Wir nennen es tanzen, sprach er mit Lachen,
aber wir lassen es andere machen.
Und dieses Wort, seit langer Frist,
mir immer in Erinnerung ist,
ich seh das Rennen, ich seh das Jagen,
und wenn mich die Menschen umdrängen
und fragen: Was tust du nicht mit?
Warum
stehst du beiseit?
So sag ich: Alles hat seine Zeit.
Auch die Jagd nach dem Glück. All derlei
Sachen,
ich lasse sie längst durch andere machen.
Man sieht: Nicht erst in unseren Tagen ist fernöstliche Weisheit gefragt. Sie fasziniert durch ihre Ruhe und Gelassenheit, mit der sie über den Dingen steht.

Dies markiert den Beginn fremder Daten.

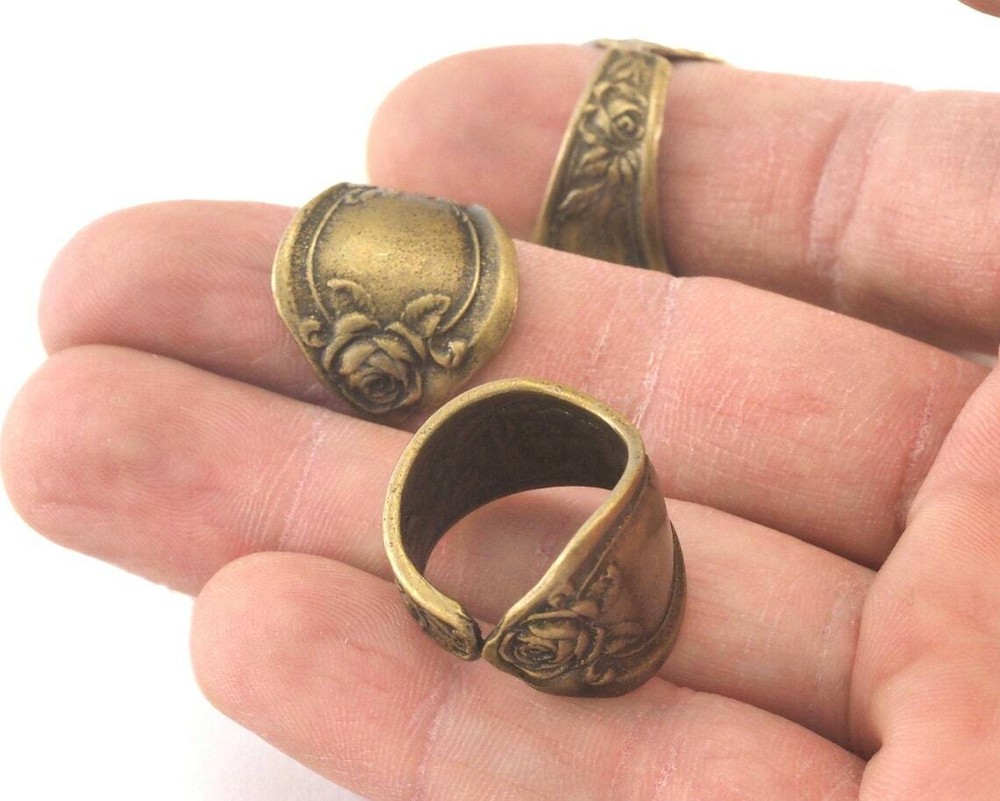 Spoon Ring Flower Patterned Adjustable Ring Antique Bronze Plated brass 3383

Aber wir lassen es andere machen. Diese Einstellung gefällt Theodor Fontane, sie gefällt auch mir. Man muss nicht alles mitmachen, nicht überall dabei sein, sich nicht verzetteln in tausenderlei Kleinigkeiten, sich nicht für einen zu hohen Preis der Jagd nach Glück und dem hektischen Treiben anpassen aus Angst davor, etwas zu versäumen.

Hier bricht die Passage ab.